Problem details | No pictures go into the copy. Write out exactly the lines below from the one containing "Viral flower claw - Image 5" through the one containing "Used 2025 Genesis GV80 3.5T e-SC image 15".

(Pictures with short captions)
=== Section Start ===
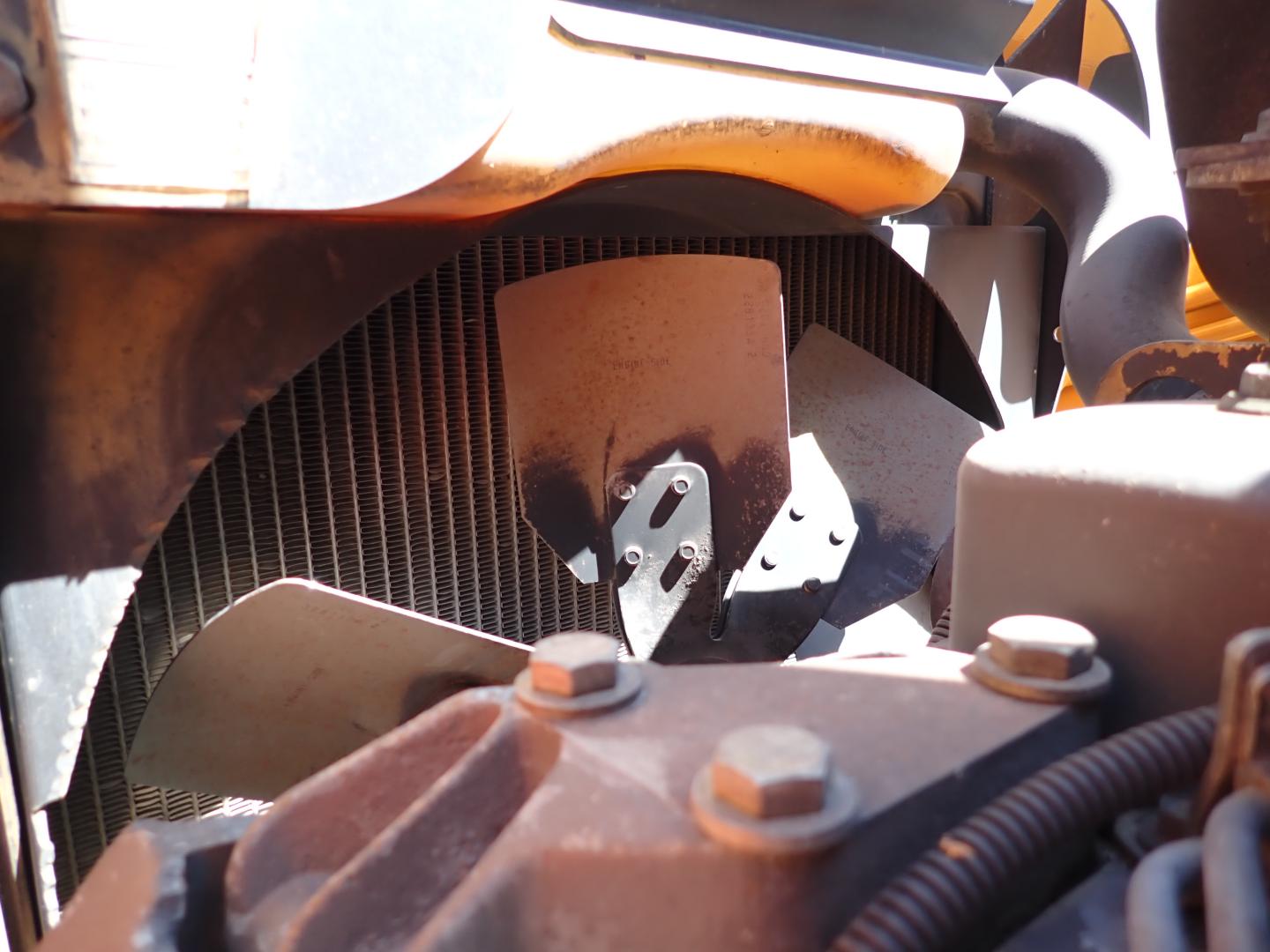 ./imagenes/INVOICE/2019/10220/RETROEXCAVADORA CASE_580M (44).JPG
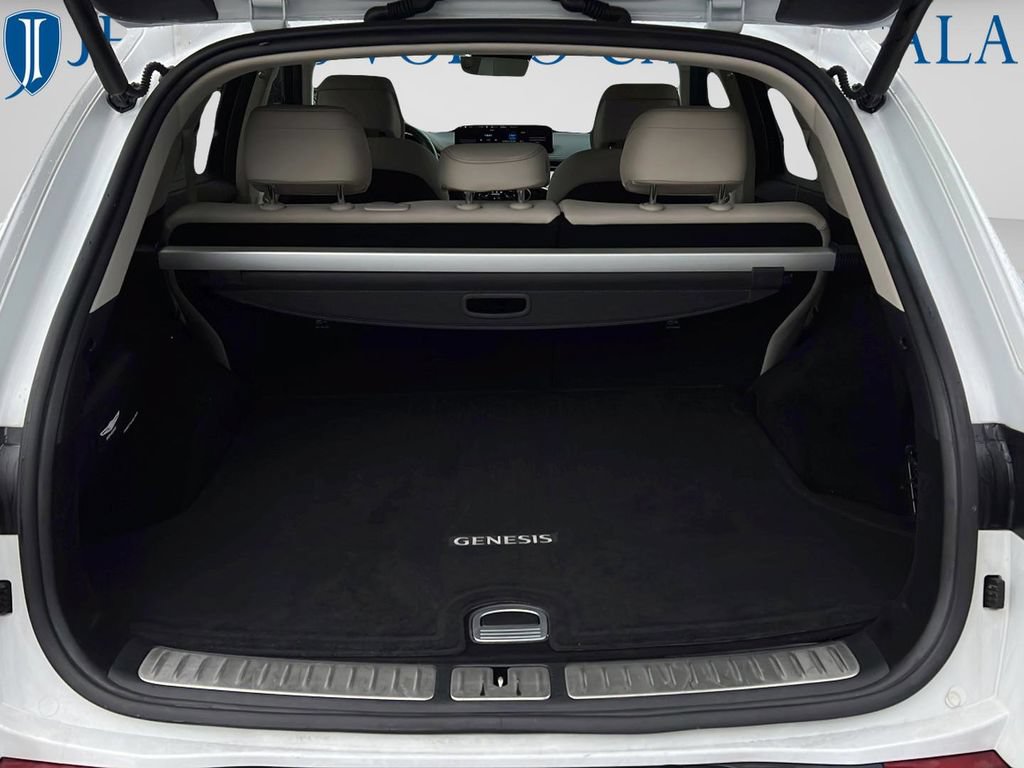 Used 2022 Genesis GV70 3.5T Sport w/ Sport Advanced Package AWD/4WD image 9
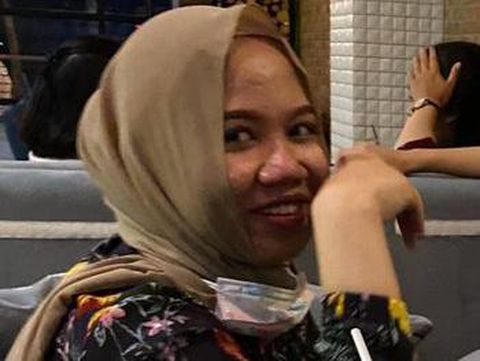 transformasi Esty Ratnasari bikin takjub viral di media sosial.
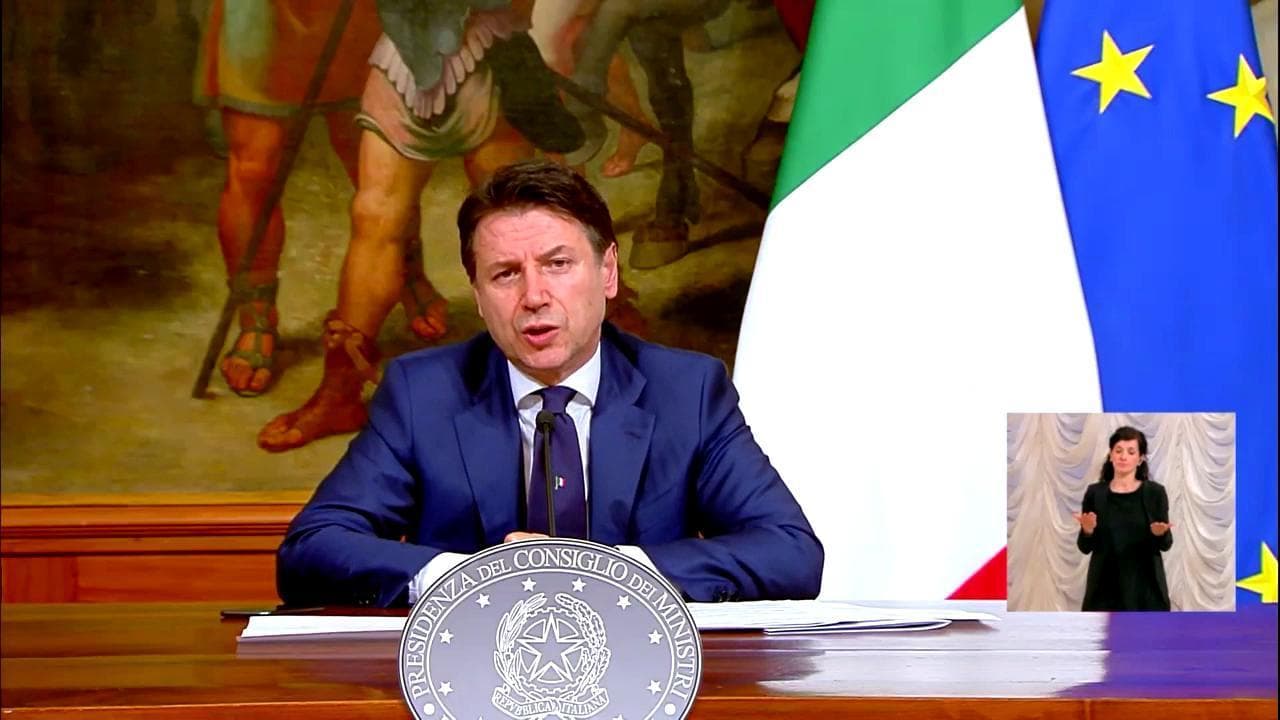 Coronavirus, Conte furioso con Salvini e Meloni: "Mes non è stato approvato la scorsa notte ma nel 2012, non lavoriamo nell'oscurità"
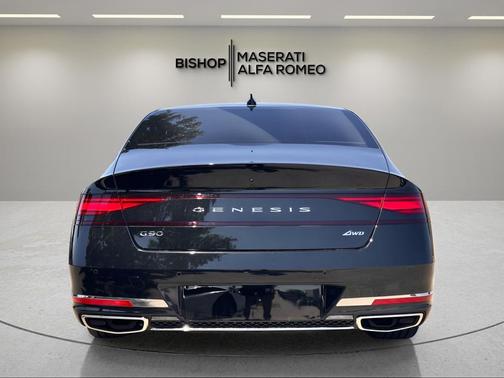 Vik Black 2025 Genesis G90 3.5T e-SC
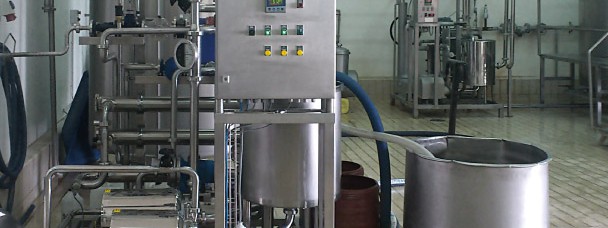 Pilot-plant unit for milk or whey protein concentration with use of spiral wound membranes.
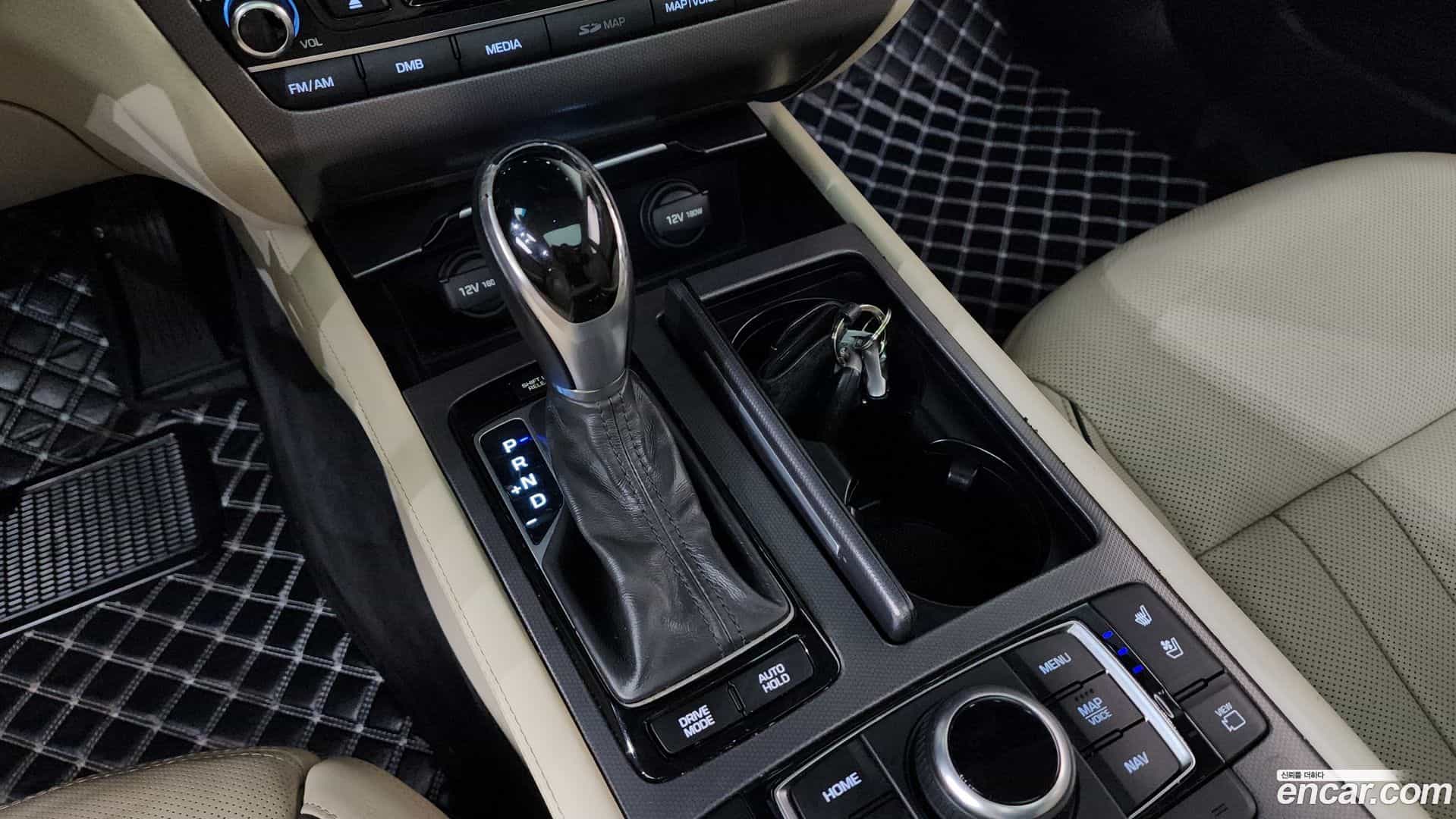 Genesis Hyundai 2016.3-INNER-009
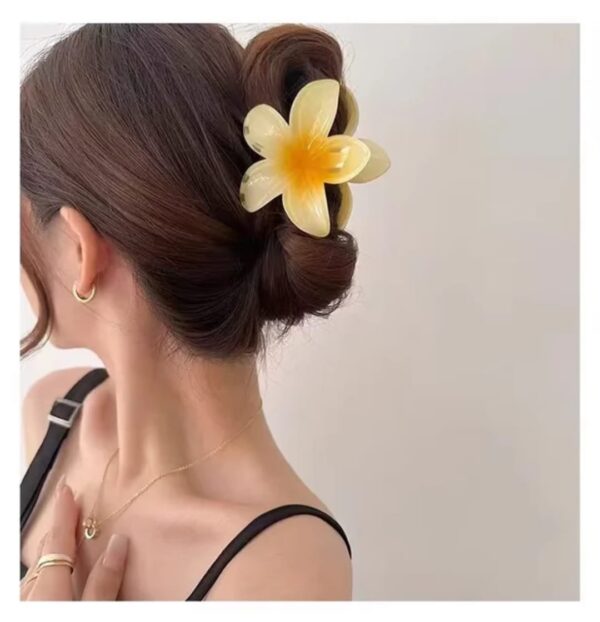 Viral flower claw - Image 5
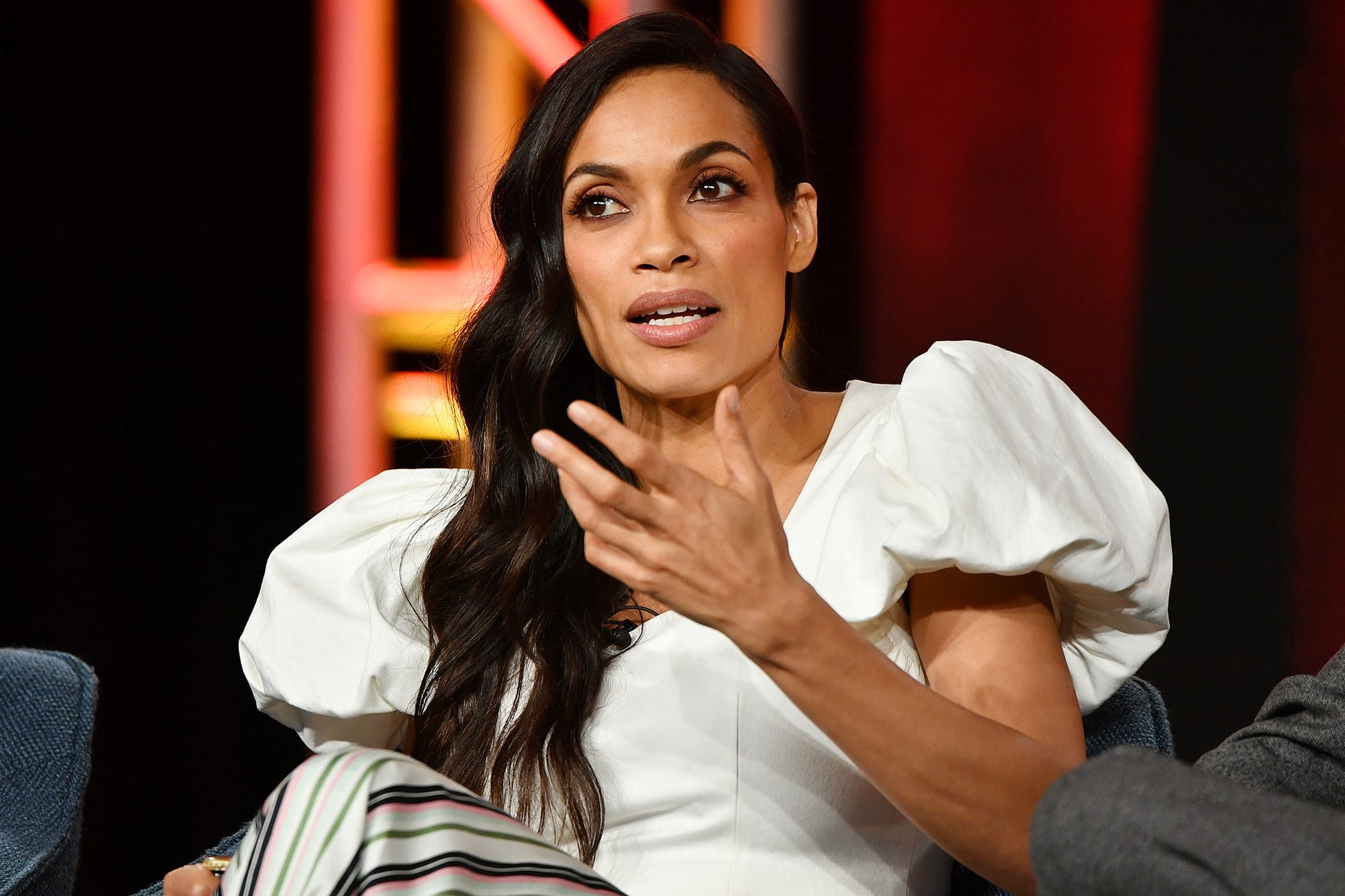 Hollywood A-lister Rosario Dawson officially comes out as LGBTQ+. Image via MashViral.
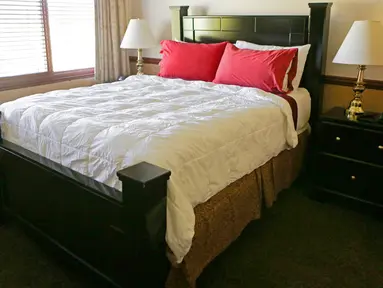 Fasilitas kamar tidur yang akan digunakan sebagai lokasi karantina virus corona di Pangkalan Udara Marinir AS di California, 2 Februari 2020. Ratusan warga Amerika yang kembali dari China akan dikarantina selama 14 hari untuk dilakukan observasi. (Lance Cpl. Jacob Pruitt/U.S. Marine Corps via AP)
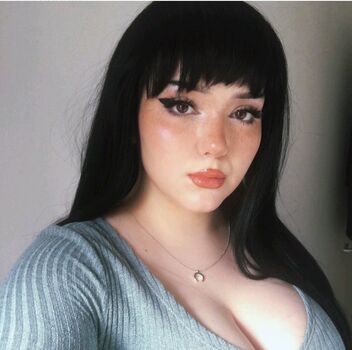 Leaked Kvwviiju page private photo viral onlyfans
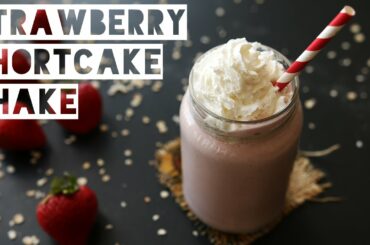 How To Make a Healthy Strawberry Shortcake Protein Shake | Low Calorie Strawberry Shortcake Smoothie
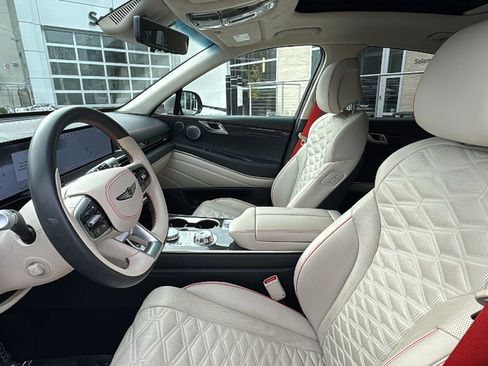 Used 2025 Genesis GV80 3.5T e-SC image 15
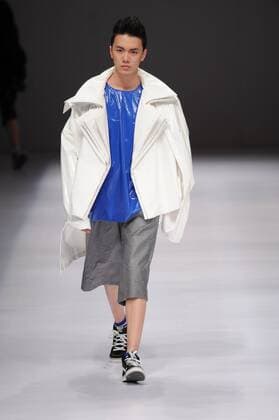 BEIJING, CHINA - MARCH 29: (CHINA OUT) A model showcases designs on the runway at Beijing Institute of Fashion Technology¡¤Emerging Design Collection & BIFT¡¤ELLASSAY Scholarship Awarding Ceremony during the Mercedes-Benz China Fashion Week Autumn Winter 2016 2017 at Beijing Hotel on March 29, 2016 in Beijing, China.  CFP481872747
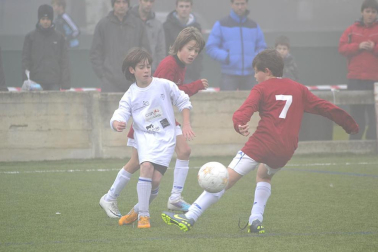 Este martes 3 de enero y con una intensa niebla en Tajonar, se han disputado los cuartos de final del Torneo Interescolar. En esta galería de imágenes se muestran los partidos Sagrado Corazón-Virgen Blanca y Cardenal Ilundáin-Escolapios Calasanz. Este último se ha resuelto en los penaltis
=== Section End ===
The completed task |
 Viral flower claw - Image 5
 Hollywood A-lister Rosario Dawson officially comes out as LGBTQ+. Image via MashViral.
 Fasilitas kamar tidur yang akan digunakan sebagai lokasi karantina virus corona di Pangkalan Udara Marinir AS di California, 2 Februari 2020. Ratusan warga Amerika yang kembali dari China akan dikarantina selama 14 hari untuk dilakukan observasi. (Lance Cpl. Jacob Pruitt/U.S. Marine Corps via AP)
 Leaked Kvwviiju page private photo viral onlyfans
 How To Make a Healthy Strawberry Shortcake Protein Shake | Low Calorie Strawberry Shortcake Smoothie
 Used 2025 Genesis GV80 3.5T e-SC image 15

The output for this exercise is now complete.